Work request -
Omit the pictures. Transcribe exactly the lines below, from the one with "83a7a62e-4bd7-4c39-8673-52aa215f8c3c" up to and including the last.

Extracted information -
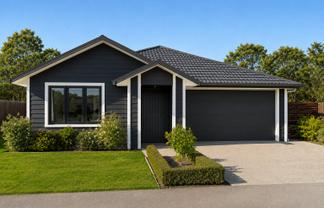 Telegraph Road, Darfield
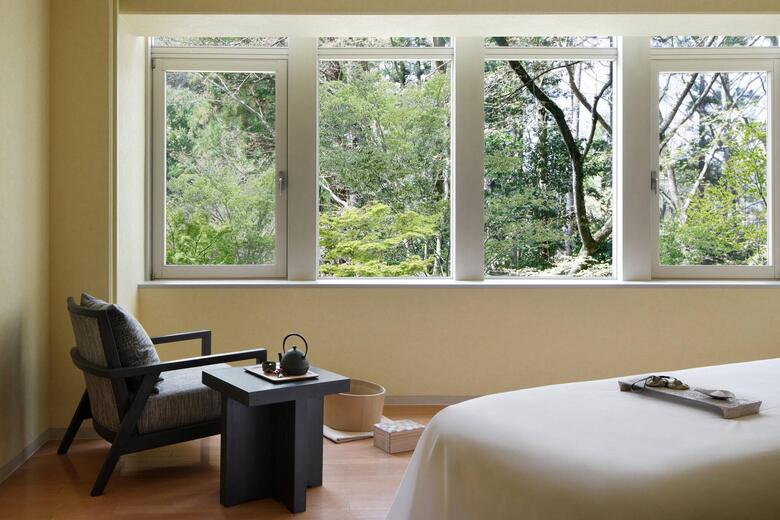 Grand Prince Hotel Kyoto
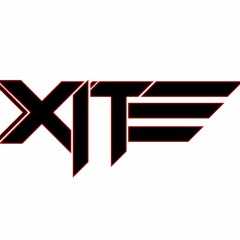 Xite747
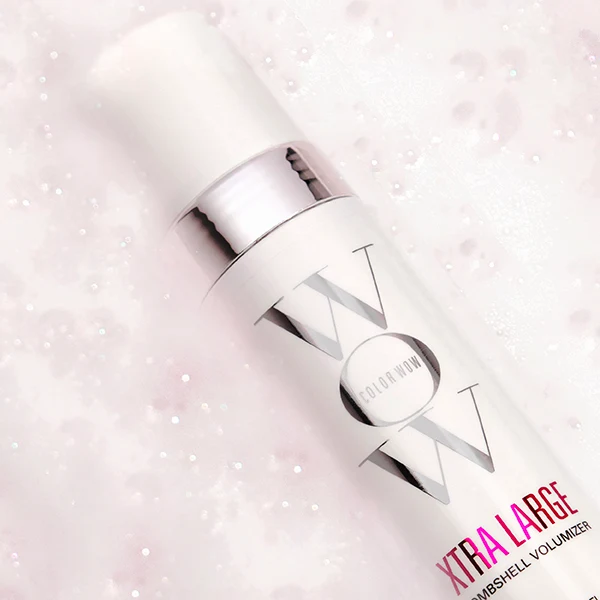 Color Wow Xtra Large Bombshell Volumizer 200 ml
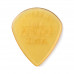 Медіатор DUNLOP ULTEX JAZZ III XL PICK 1.38MM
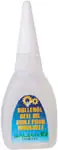 BALZER Rollenoel 20ml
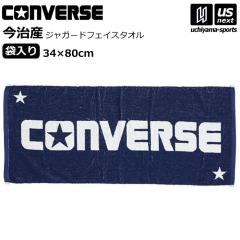 Ro[X oXPbg{[ WK[htFCX^I lCr[~zCg(ܓ) zs [][]([֕s)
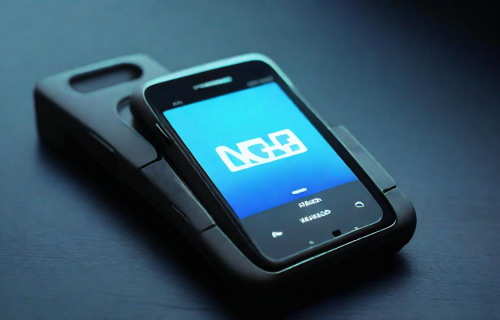 nokia（nokia怎么读）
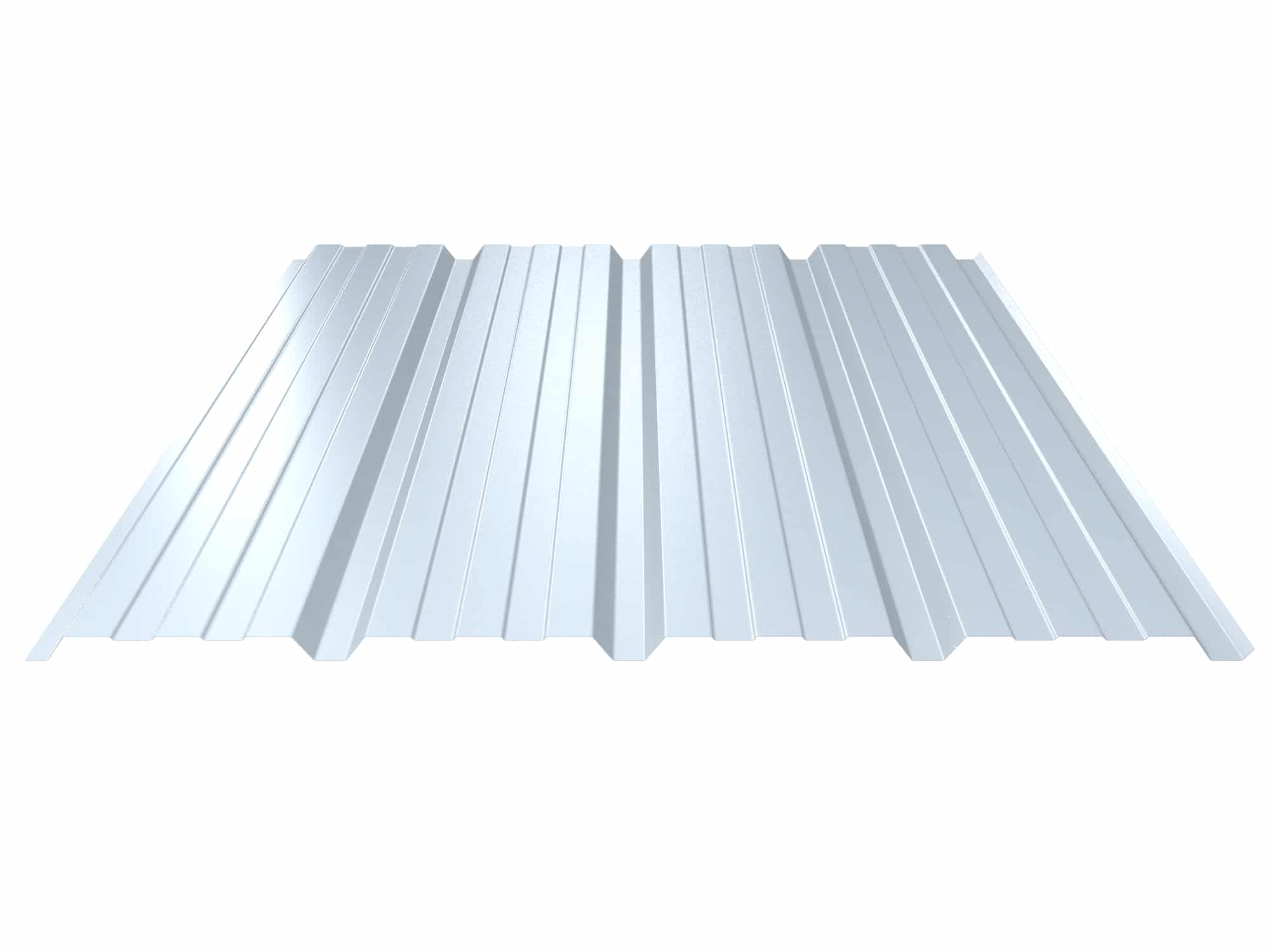 Monopanel Sidmur T Creux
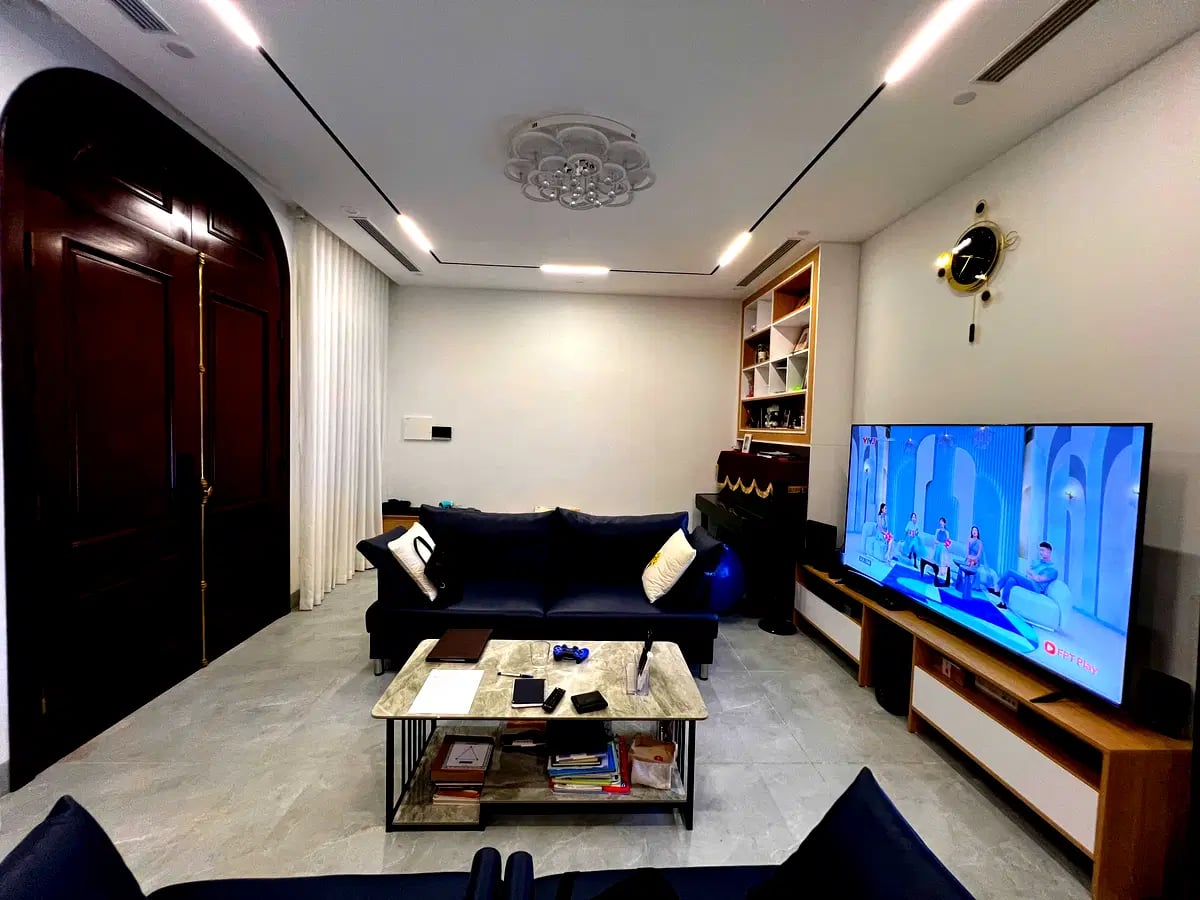 83a7a62e-4bd7-4c39-8673-52aa215f8c3c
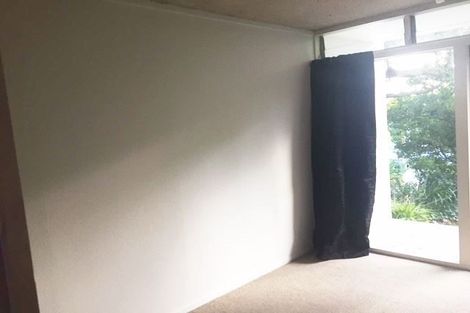 Photo of property in 4/37 Edenvale Crescent, Mount Eden, Auckland, 1024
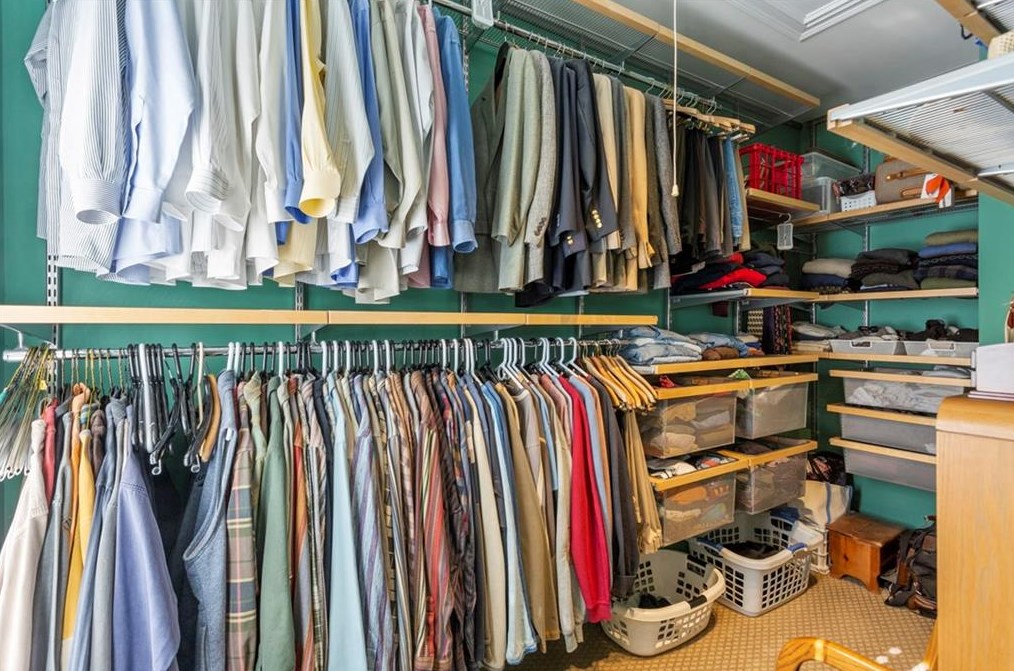 1148 Providence Pl, Decatur GA  30033-3465 exterior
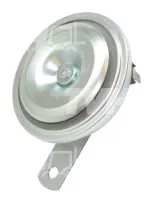 1 - CLAXON - Codice 100-7970950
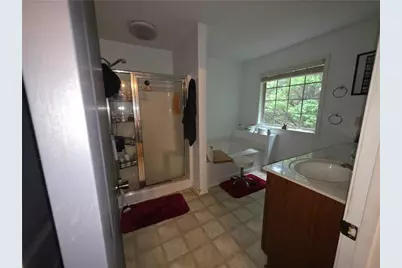 1273 Miss Irene Drive, Lawrenceville, GA 30044 - Photo 13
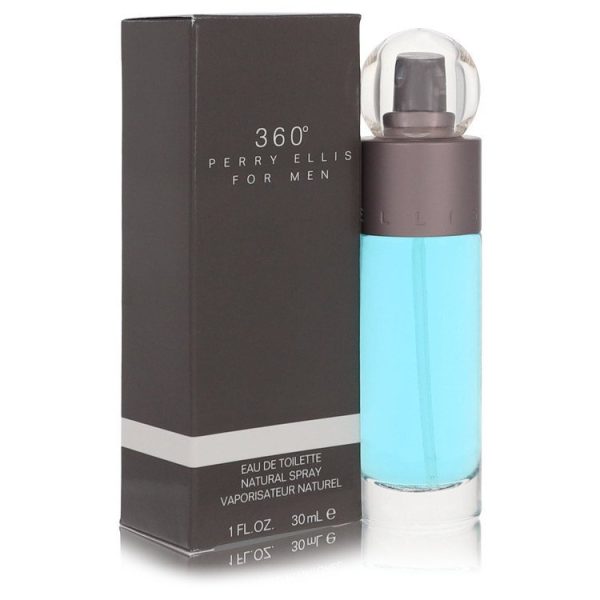 400475 | Plenty of Perfumes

Result for this task -
 83a7a62e-4bd7-4c39-8673-52aa215f8c3c
 Photo of property in 4/37 Edenvale Crescent, Mount Eden, Auckland, 1024
 1148 Providence Pl, Decatur GA  30033-3465 exterior
 1 - CLAXON - Codice 100-7970950
 1273 Miss Irene Drive, Lawrenceville, GA 30044 - Photo 13
 400475 | Plenty of Perfumes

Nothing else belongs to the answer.